▶ [What the exercise asks]: Please print the line that holds "Newgarden quality Hot" and each line after it to the end of the data, word for word, without any pictures.

▶ [Records for processing]:
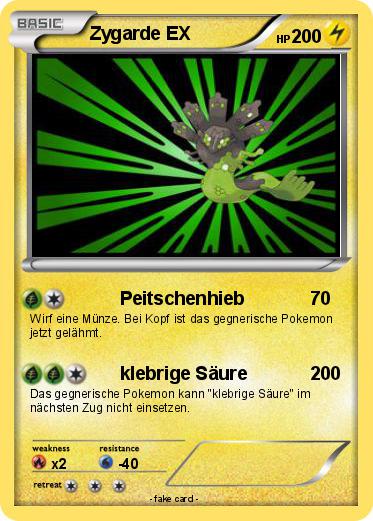 Pokemon Zygarde EX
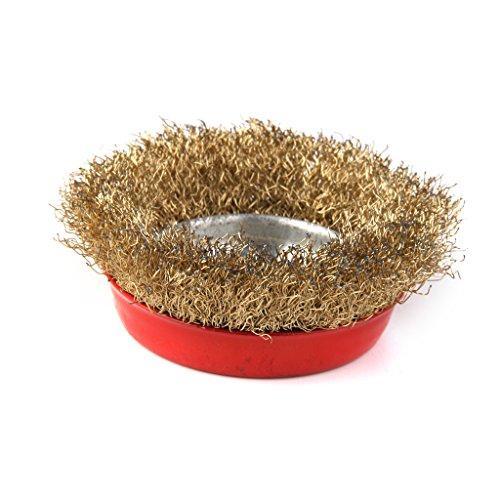 194 Wire Wheel Cup Brush (Gold) - Trendex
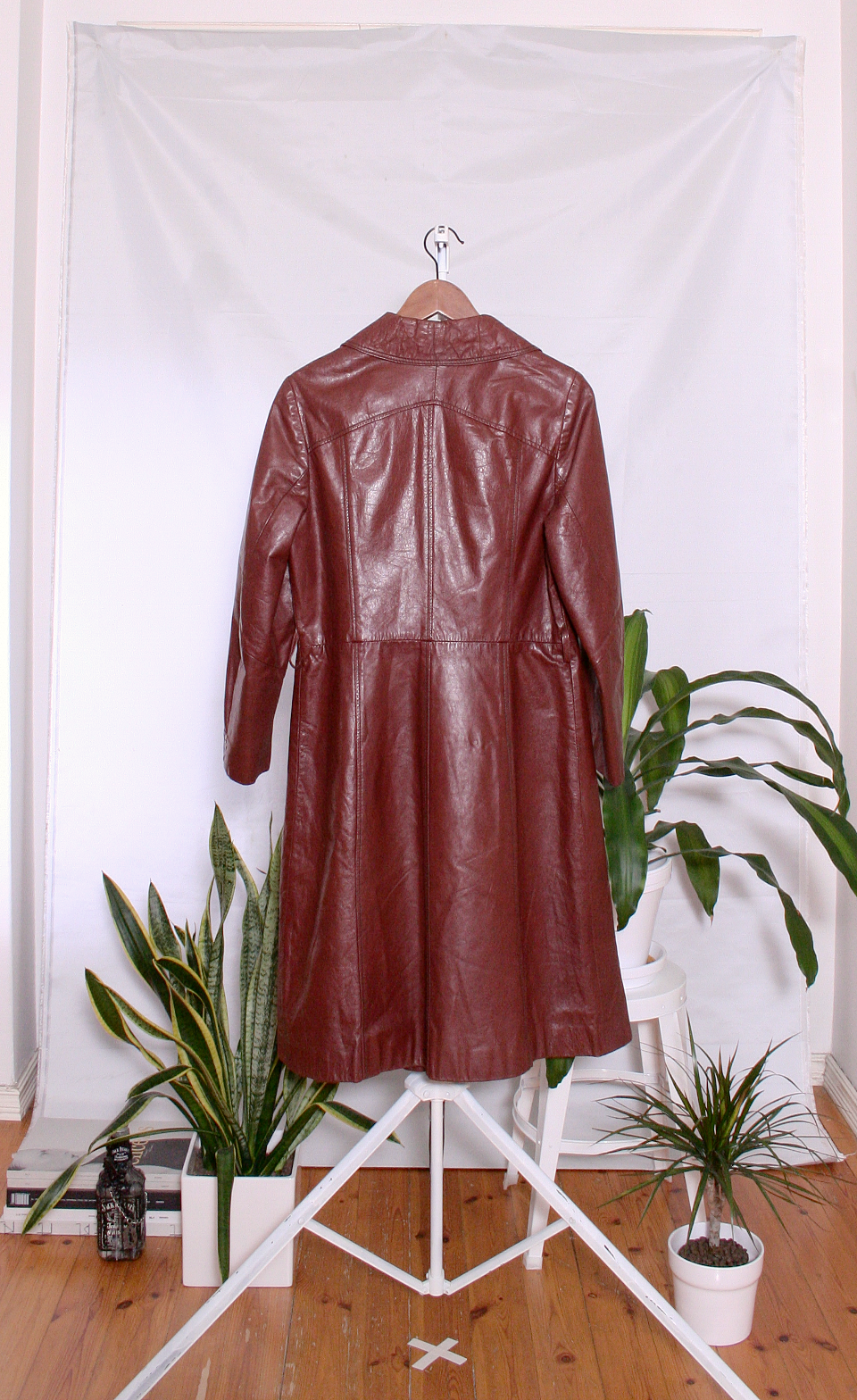 Vintage 70's Leather Jacket (naisten 38/M)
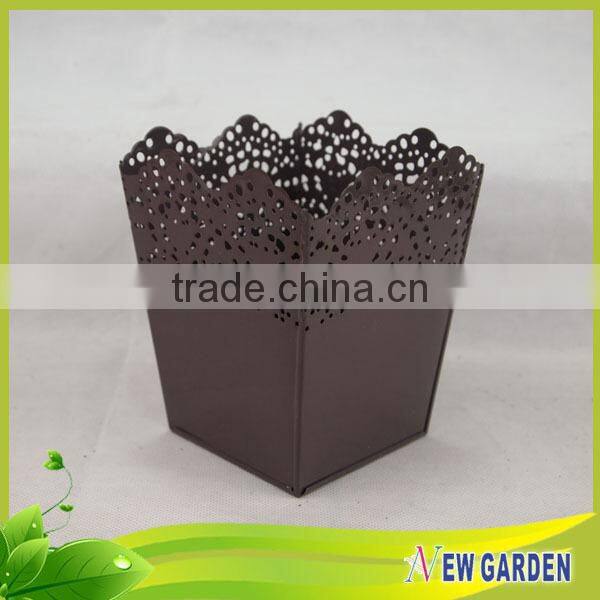 Newgarden quality Hot Sale bottom price mini metal flower pot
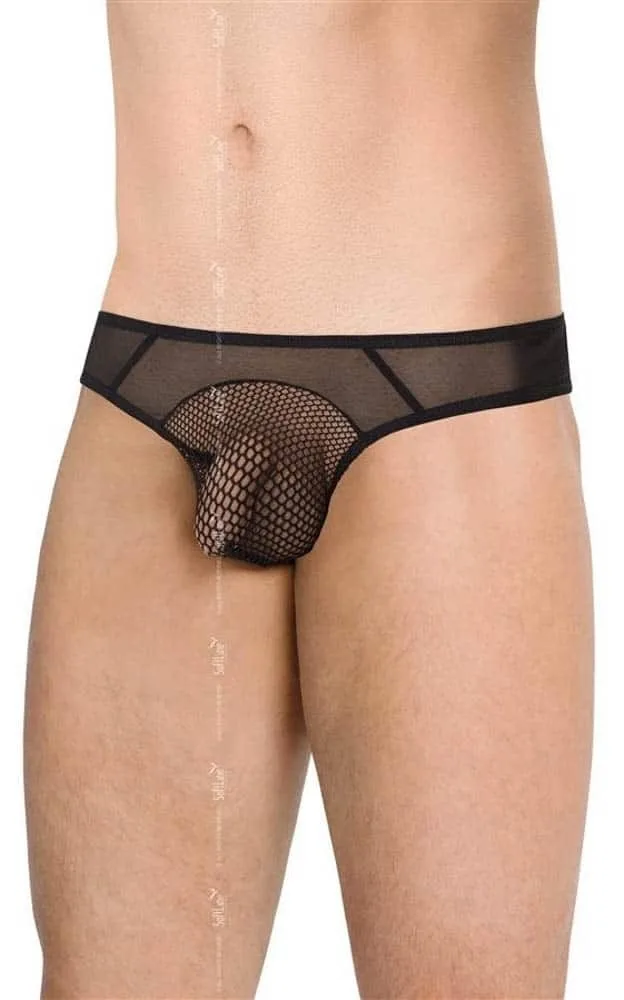 Softline férfi alsónadrág – elegáns fekete bugyi XL méretben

▶ [Your solution]:
 Newgarden quality Hot Sale bottom price mini metal flower pot
 Softline férfi alsónadrág – elegáns fekete bugyi XL méretben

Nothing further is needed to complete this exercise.